El regreso de «Twin Peaks» es tan desconcertante y cautivador como se preveía y la crítica estadounidense alaba su «visión asombrosa»
Poco importa que 27 años después el espectador sea más resabiado y que la ficción televisiva haya dado un salto cualitativo de proporciones gigantescas. El Everest sigue siendo David Lynch y hay que tener muchos arrestos para acompañarle hasta la cima en el regreso de «Twin Peaks», que estrenó Movistar Series Xtra en la madrugada del domingo al lunes. Lo más recomendable es no llevar en la mochila el peso de los recuerdos y la nostalgia sobre lo que ocurrió hace más de un cuarto de siglo.
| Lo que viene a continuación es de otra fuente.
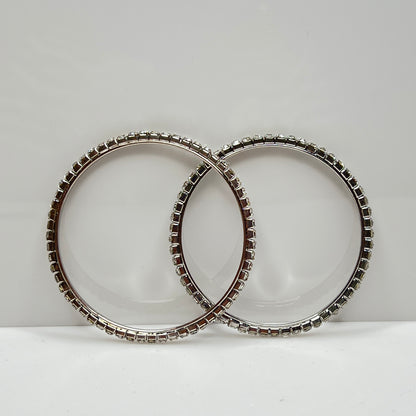 Set of two silver-tone bangle bracelets with prong-set clear rhinestones, vintage 1980s.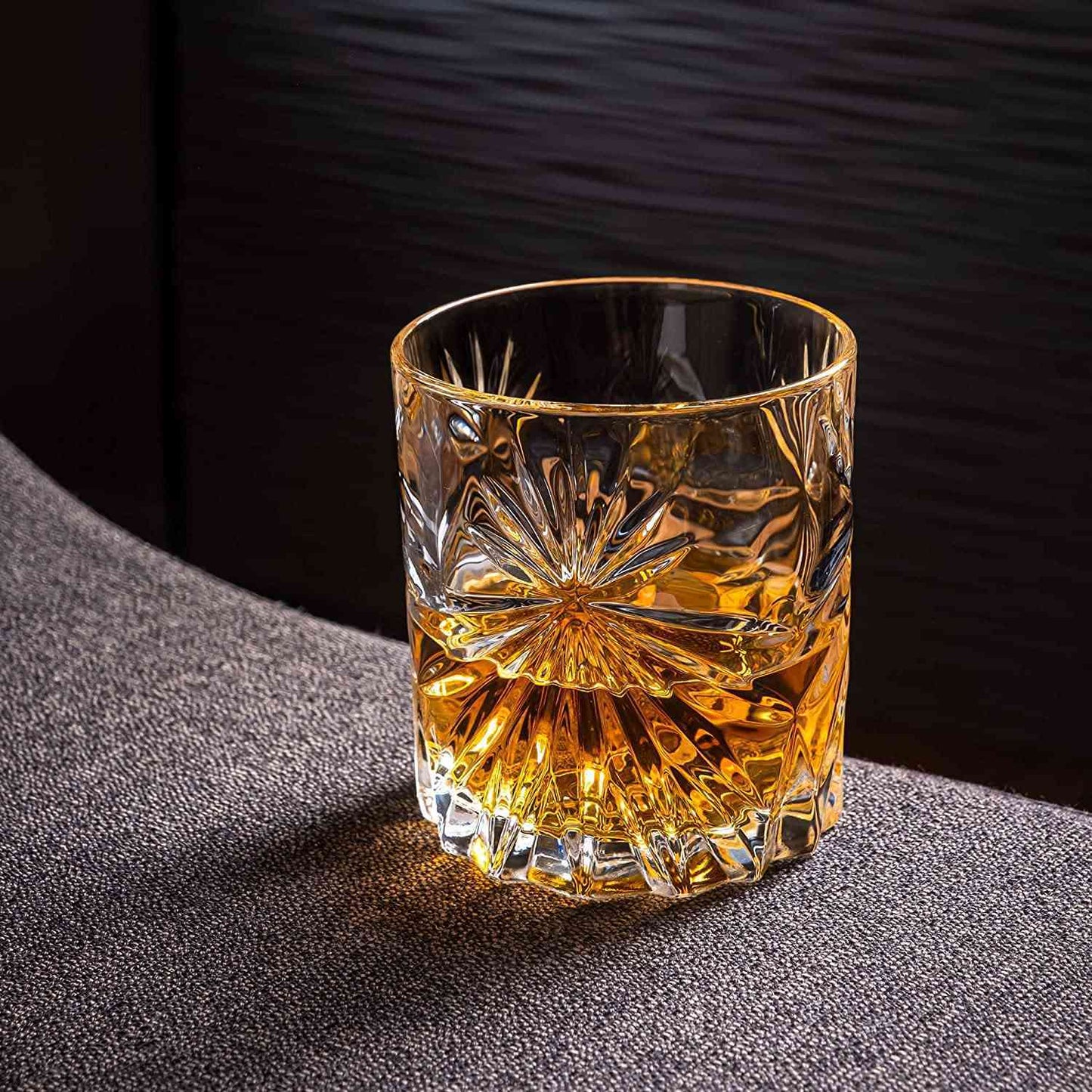 Crystal whiskey glass with amber liquid on textured fabric surface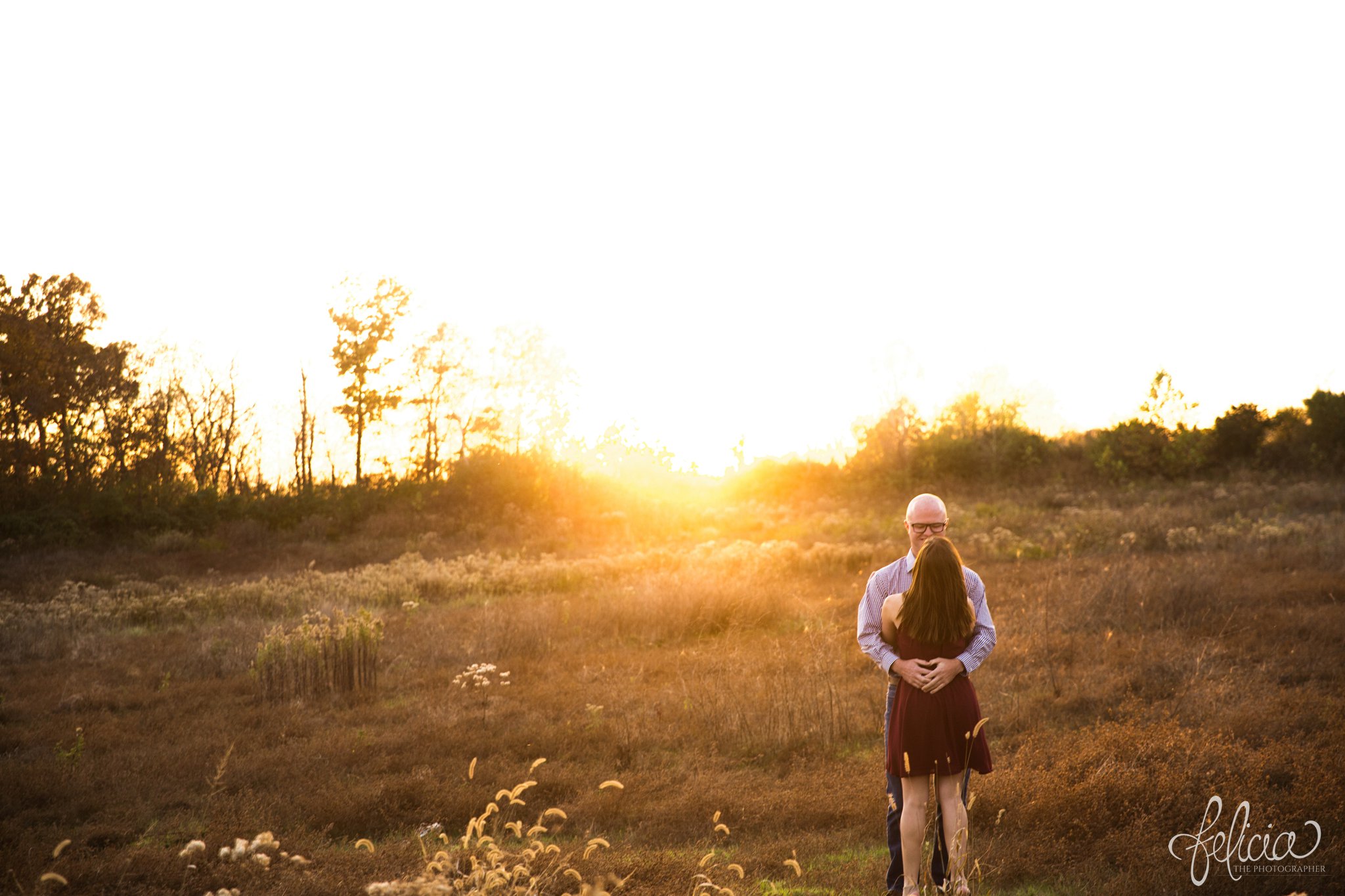 engagement pictures | engagement photos | nature | golden hour | sunset | sunset photography | fall | autumn | burgundy | natural | sun flare | expansive background | nature background | hugging | dance pose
Se harían un flaco favor y menospreciarían la capacidad de Lynch para reinventarse sin dejar de ser él mismo. Los autores son así, unos depredadores que siempre vuelven al lugar del crimen aunque el móvil sea distinto. El reencuentro con la música de Angelo Baladamenti fue lo más académico de una ficción que, voluntariamente, rompe sus costuras poseída por esa locura absorbente «made in Lynch». Ayer, los diarios estadounidenses se rendían a sus pies. «The Angeles Times» la califica como un «espléndido regreso», «Variety» destaca su «visión asombrosa» y «The New York Times» alaba esos «silencios amenazantes preludio de que algo horrible o maravilloso podría estallar en cualquier momento».
Cooper, un macarra
No hubo que esperar demasiado para recibir el primer puñetazo seco en la mandíbula. El pulcro agente Cooper –a Kyle MacLachlan le vino la providencia a ver cuando Lynch se cruzó en su destino– es ahora un macarra con greñas y una imposible camisa de piel de serpiente. Puede que este atuendo sea un guiño a aquella chaqueta de pitón que Nicolas Cage lucía chulesco en «Corazón salvaje» (1990). ¿Puestos a divagar? porque es lo que el director pretende desde el minuto uno. Por ejemplo, que empecemos a movernos en el sillón al no saber si estamos ante Cooper o el señor C., despojado de cualquier atisbo de humanidad. No esperábamos menos de él, aunque todavía queda la duda de si su delirante propuesta es porque confía mucho en nuestra inteligencia o porque la desprecia. Él sabrá. Lo que no cabe duda es que ha hecho lo que ha querido y le está echando un pulso, uno más, a la crítica y a la audiencia.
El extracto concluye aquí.